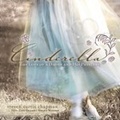 Cover: Cinderella - Thomas Nelson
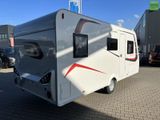 Sterckeman Easy 496PE Etagenbetten Dusche 1500kg 24 - Sterckeman Etagenbett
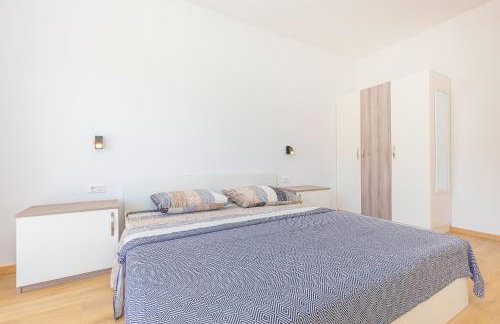 Olive tree apartment 1 - Foto 2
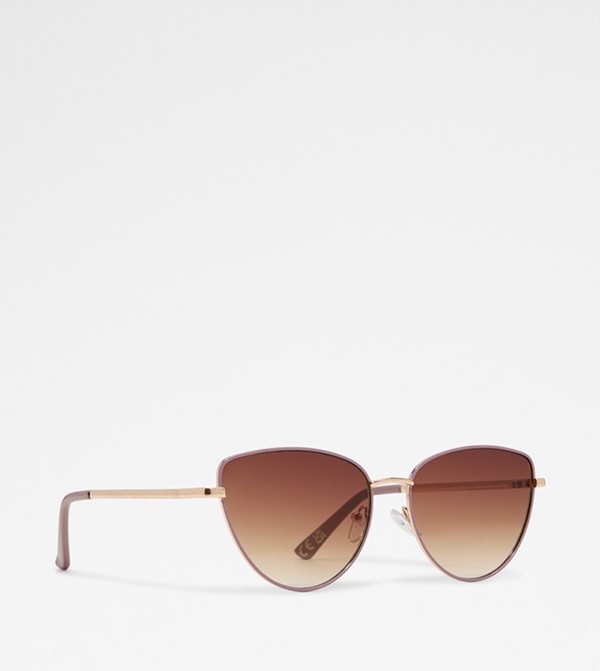 Aldo Accessories - Brown undefined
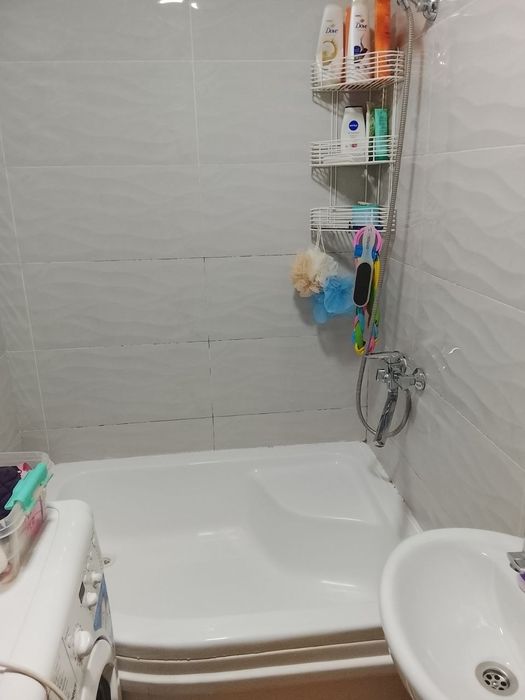 ПРОДАЁТСЯ Шота Руставели
1/2/2
Яккасарой Шота Руставели
1/2/2
30 м2 +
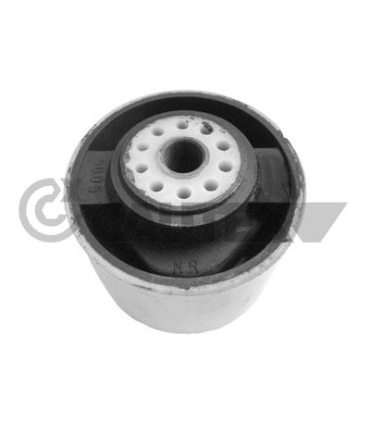 CAU030925 - 030925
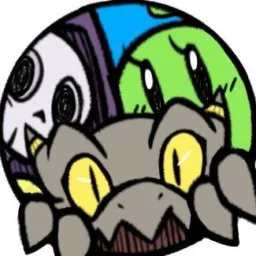 Grupo de seguidores e amigos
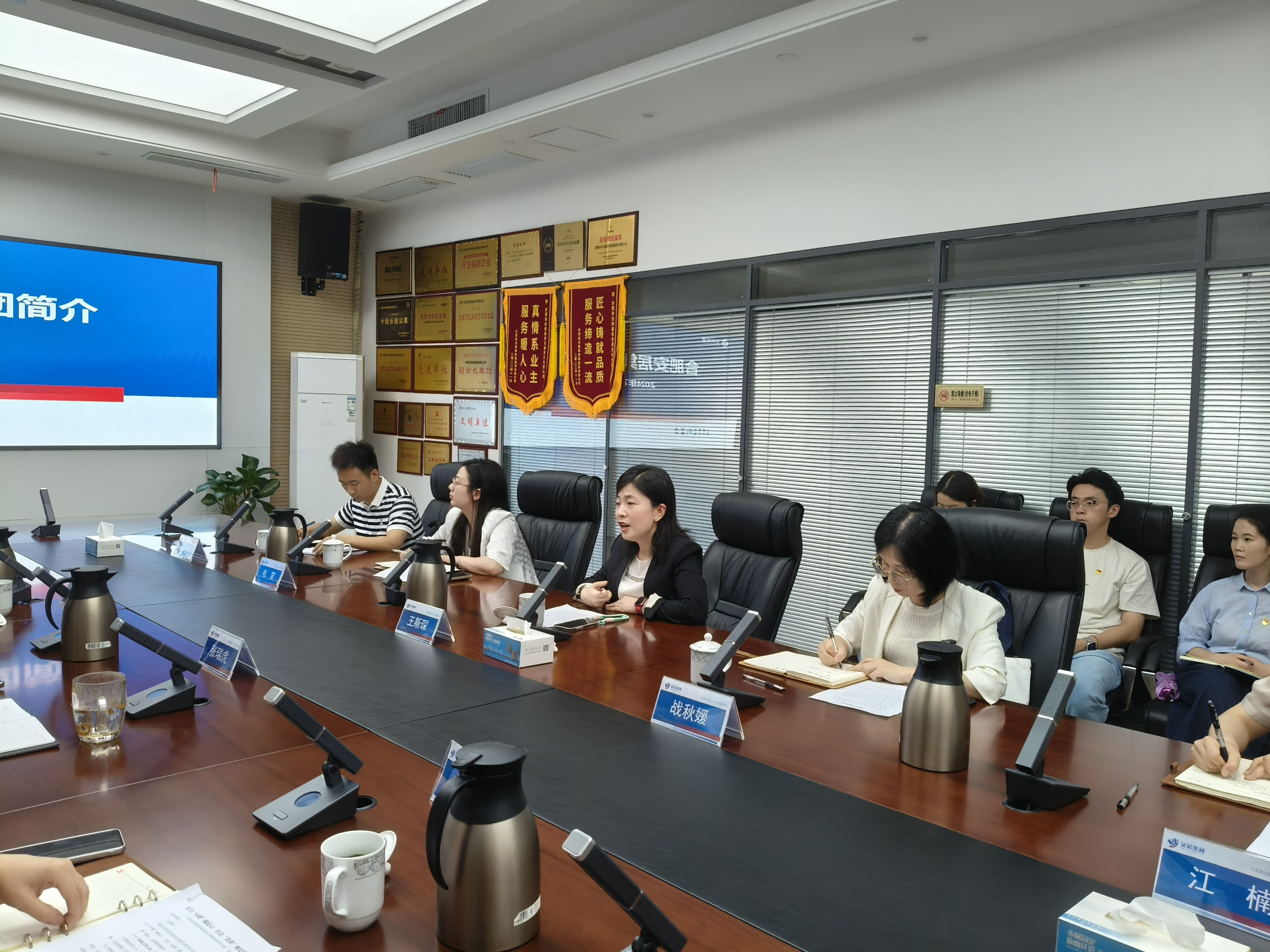 玩彩网·「中国区」官方网站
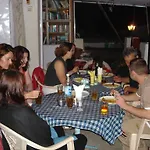 Annex Hotel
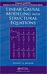 Linear Causal Modeling with Structural Equations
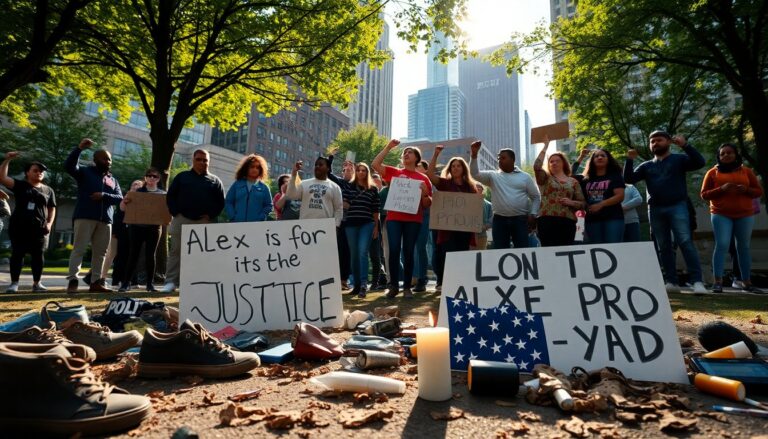 celebrities respond to the tragic shooting of alex pretti in minneapolis 1769391513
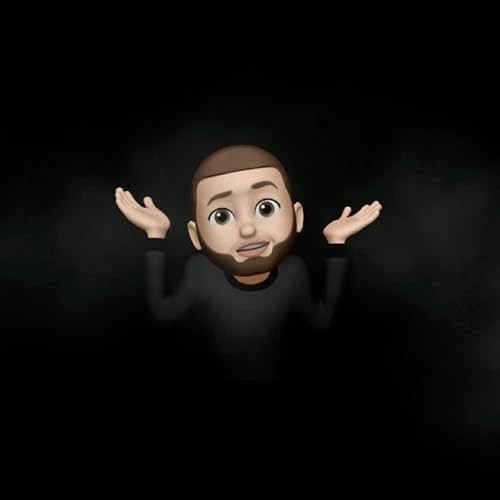 Y QUE FUE REMIX BABYVIBEMIX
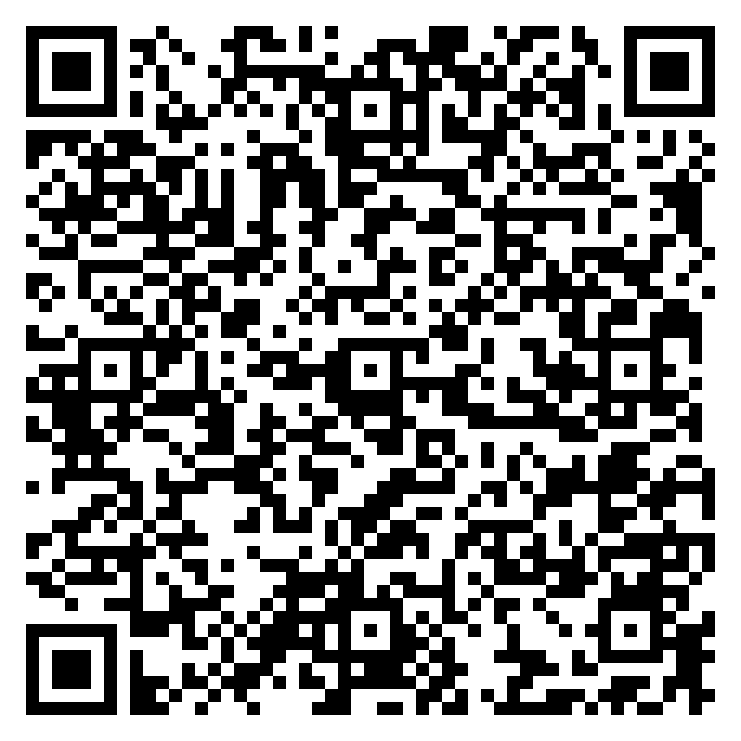 kod QR z danymi kontaktowymi 38784345400000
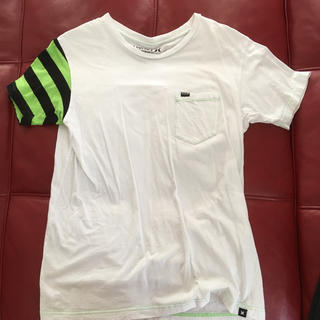 ハーレー(Hurley)のハーレイ Tシャツ(Tシャツ(半袖/袖なし))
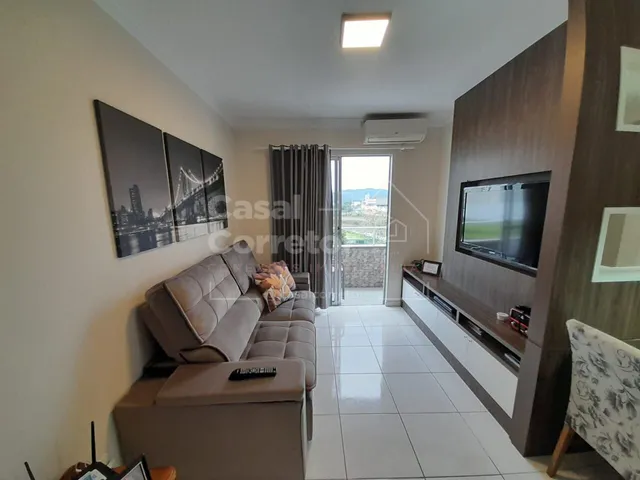 Imagem 8: ENCANTADOR APARTAMENTO DE 2 DORMITÓRIOS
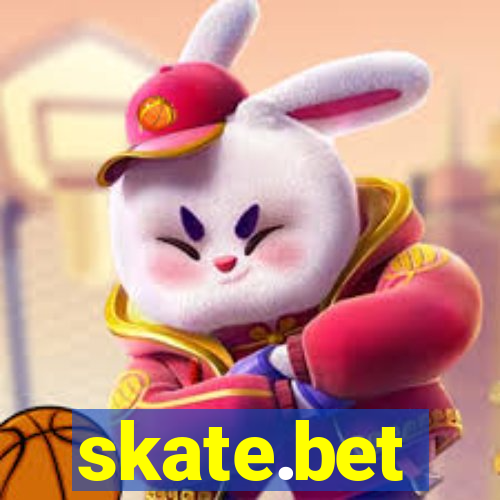 skate.bet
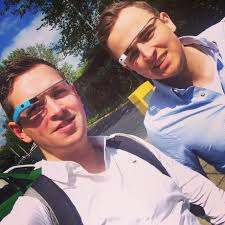 alexanderpostma (Alexander Postma) · GitHub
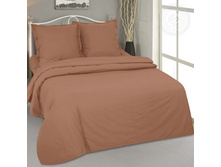 �����.������ 220 ��.������-�����.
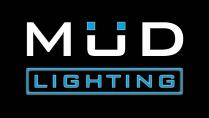 MÜD Lighting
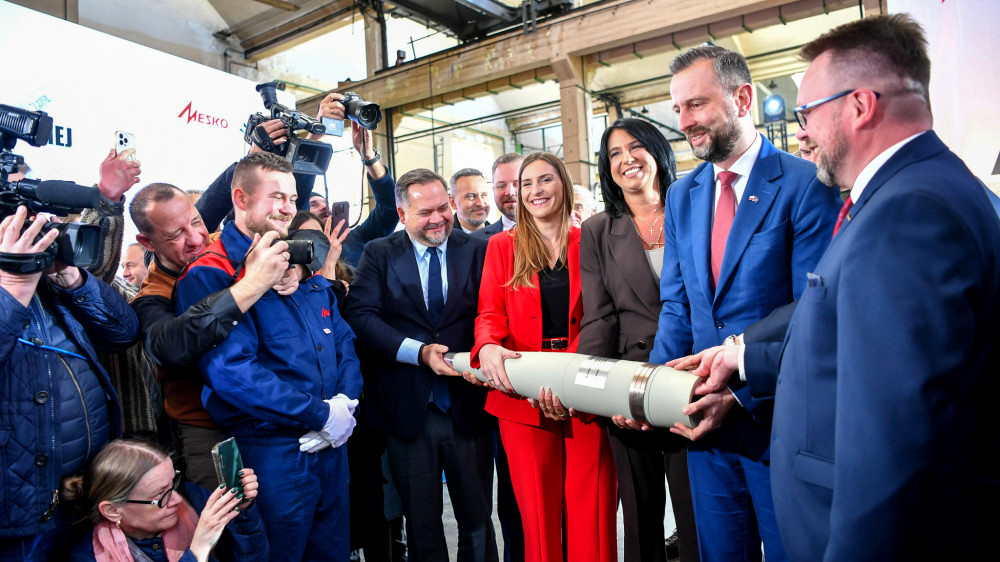 7284 image for slide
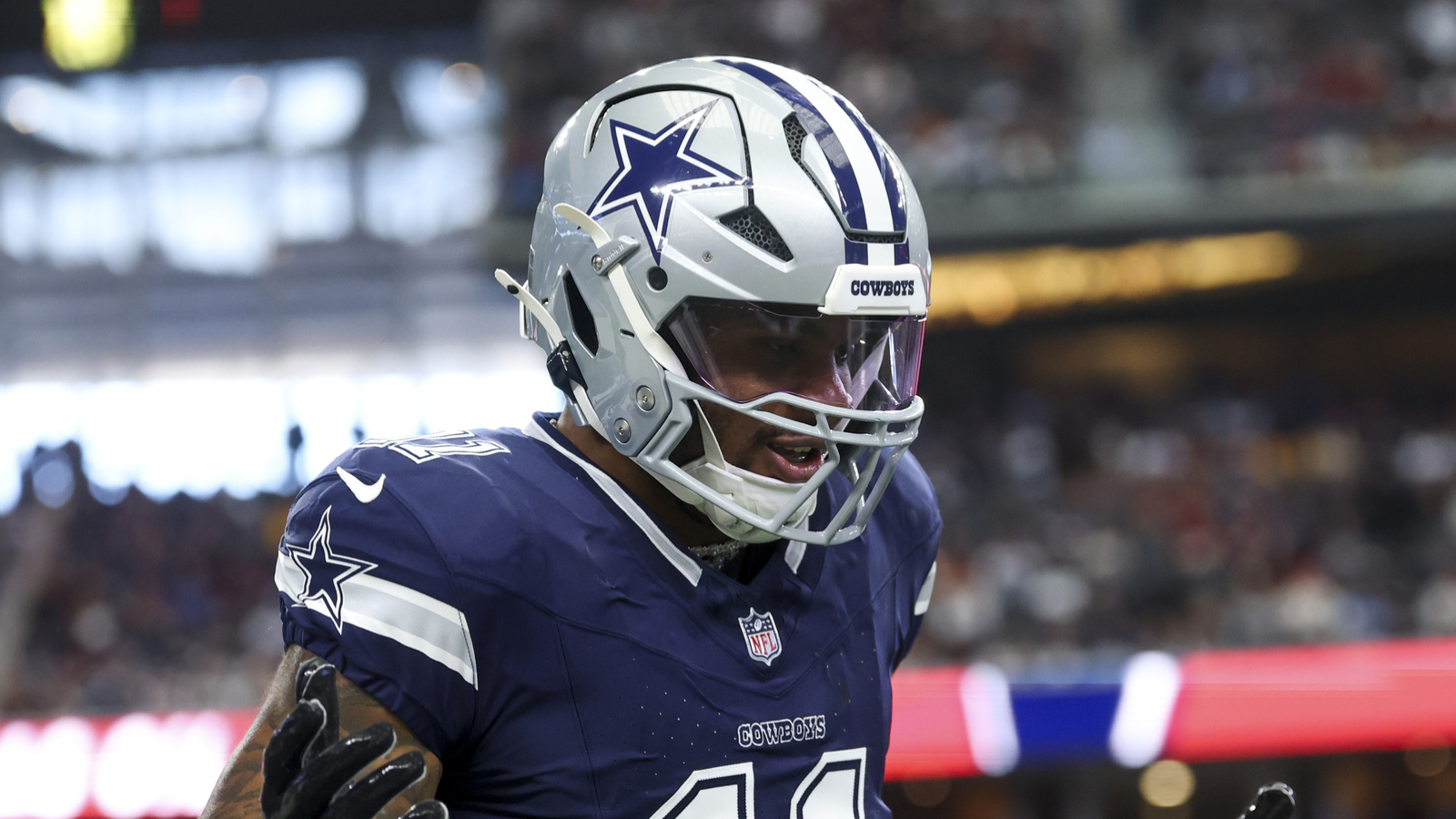 https://www.yardbarker.com/media/4/e/4e4427816c09128cb8b5e958c7129076a8b4cb9f/thumb_16x9/cowboys-micah-parsons-planning-on-attending.jpg?v=2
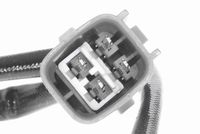 VEMO V70-76-0018 - Sonda Lambda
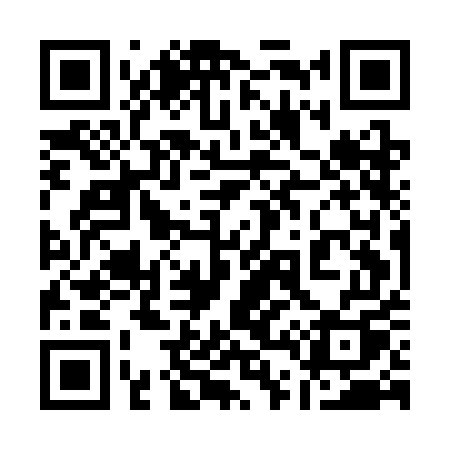 QR code for 145CEQ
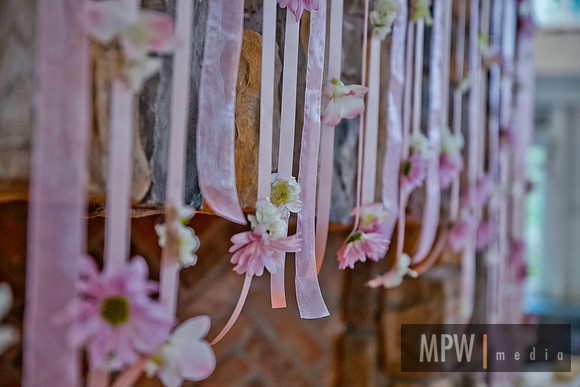 Ceremony-41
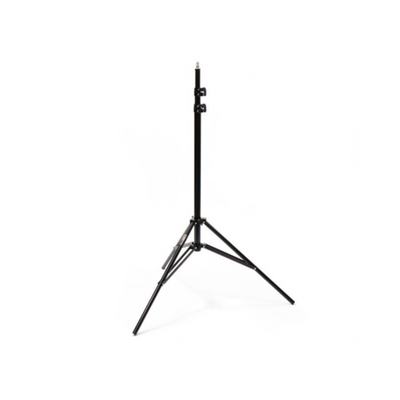 Weifeng Light Stand 9ft W806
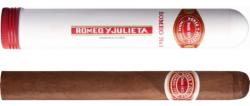 Obrazek dla: Cygaro Romeo y Julieta No.3 Tuba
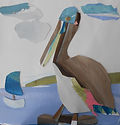 s&l.pelican.jpg
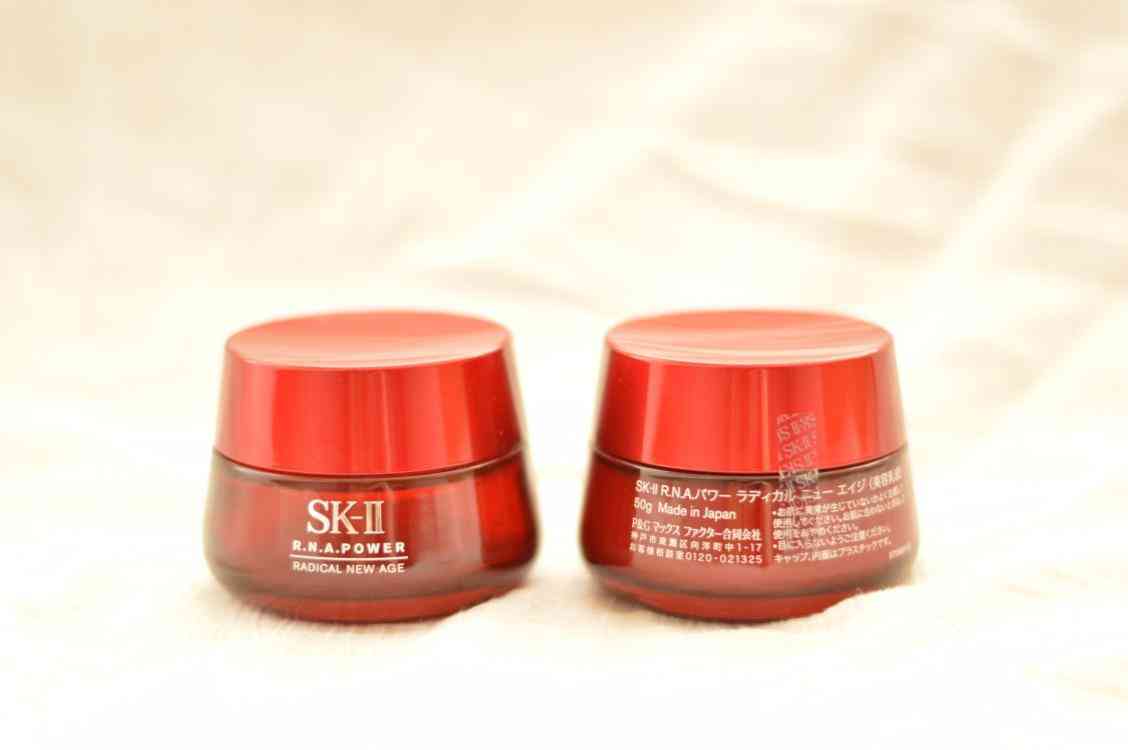 貴婦化妝品購買攻略(貴婦 化妝品)插圖2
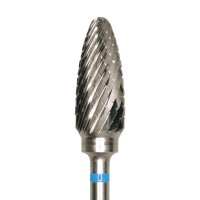 HM Fräse 251 GX 040 Hst 2ST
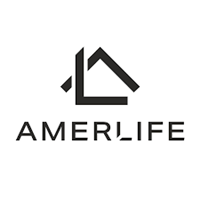 AMERLIFE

════════

_Aim of the exercise_. Please print the entries above exactly. Skip every picture.

_Output of the exercise_.
 Cover: Cinderella - Thomas Nelson
 Sterckeman Easy 496PE Etagenbetten Dusche 1500kg 24 - Sterckeman Etagenbett
 Olive tree apartment 1 - Foto 2
 Aldo Accessories - Brown undefined
 ПРОДАЁТСЯ Шота Руставели
1/2/2
Яккасарой Шота Руставели
1/2/2
30 м2 +
 CAU030925 - 030925
 Grupo de seguidores e amigos
 玩彩网·「中国区」官方网站
 Annex Hotel
 Linear Causal Modeling with Structural Equations
 celebrities respond to the tragic shooting of alex pretti in minneapolis 1769391513
 Y QUE FUE REMIX BABYVIBEMIX
 kod QR z danymi kontaktowymi 38784345400000
 ハーレー(Hurley)のハーレイ Tシャツ(Tシャツ(半袖/袖なし))
 Imagem 8: ENCANTADOR APARTAMENTO DE 2 DORMITÓRIOS
 skate.bet
 alexanderpostma (Alexander Postma) · GitHub
 �����.������ 220 ��.������-�����.
 MÜD Lighting
 7284 image for slide
 https://www.yardbarker.com/media/4/e/4e4427816c09128cb8b5e958c7129076a8b4cb9f/thumb_16x9/cowboys-micah-parsons-planning-on-attending.jpg?v=2
 VEMO V70-76-0018 - Sonda Lambda
 QR code for 145CEQ
 Ceremony-41
 Weifeng Light Stand 9ft W806
 Obrazek dla: Cygaro Romeo y Julieta No.3 Tuba
 s&l.pelican.jpg
 貴婦化妝品購買攻略(貴婦 化妝品)插圖2
 HM Fräse 251 GX 040 Hst 2ST
 AMERLIFE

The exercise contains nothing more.